- **Task objective**
Write out exactly the lines from the one containing "रूप समोर कसबा" to the end of the material, both ends included, and nothing else. Leave pictures out.

◆ ◆ ◆ ◆

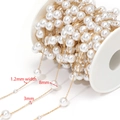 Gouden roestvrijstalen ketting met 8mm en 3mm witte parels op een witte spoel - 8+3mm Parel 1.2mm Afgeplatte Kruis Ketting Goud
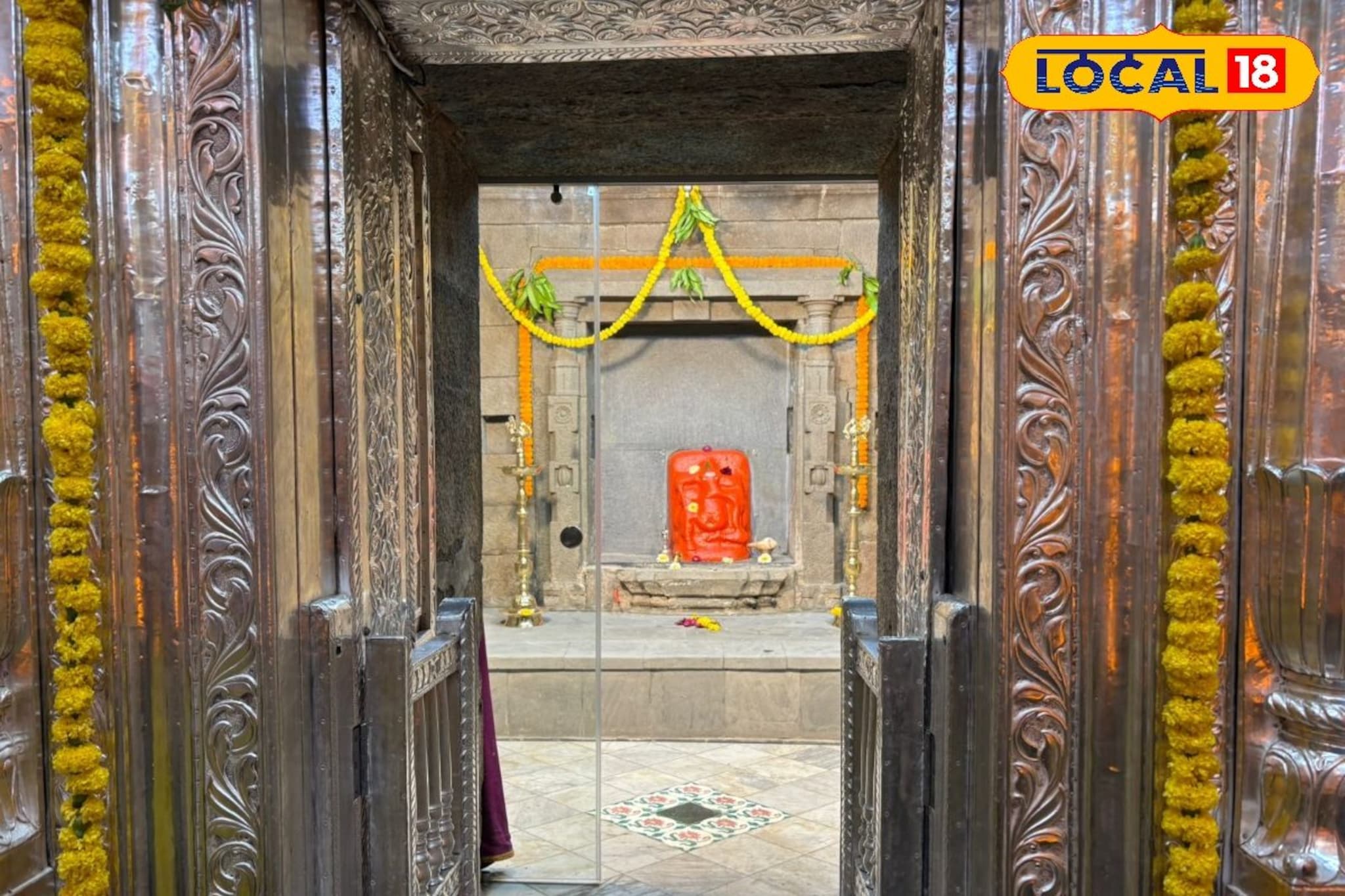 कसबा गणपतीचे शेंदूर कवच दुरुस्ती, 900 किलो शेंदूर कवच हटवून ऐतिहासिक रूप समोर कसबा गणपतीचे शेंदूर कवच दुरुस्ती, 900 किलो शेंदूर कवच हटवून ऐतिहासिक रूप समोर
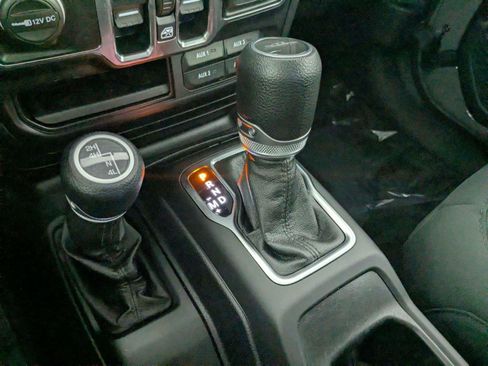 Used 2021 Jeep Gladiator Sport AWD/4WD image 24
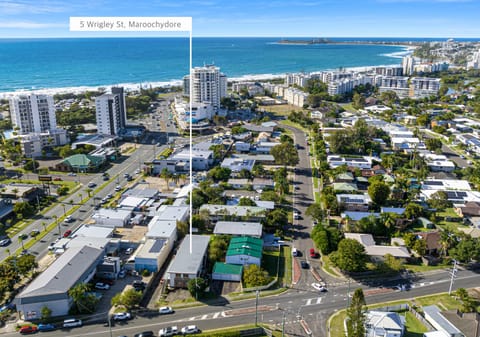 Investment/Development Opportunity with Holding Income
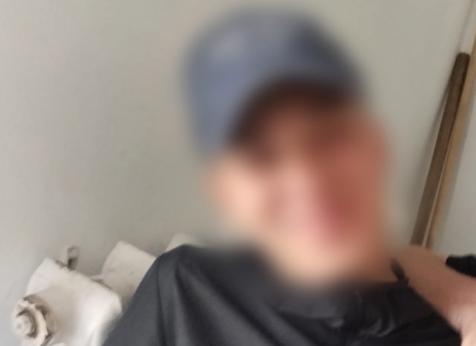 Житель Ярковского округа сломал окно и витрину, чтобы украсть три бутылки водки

◆ ◆ ◆ ◆

- **Task answer**
 कसबा गणपतीचे शेंदूर कवच दुरुस्ती, 900 किलो शेंदूर कवच हटवून ऐतिहासिक रूप समोर कसबा गणपतीचे शेंदूर कवच दुरुस्ती, 900 किलो शेंदूर कवच हटवून ऐतिहासिक रूप समोर
 Used 2021 Jeep Gladiator Sport AWD/4WD image 24
 Investment/Development Opportunity with Holding Income
 Житель Ярковского округа сломал окно и витрину, чтобы украсть три бутылки водки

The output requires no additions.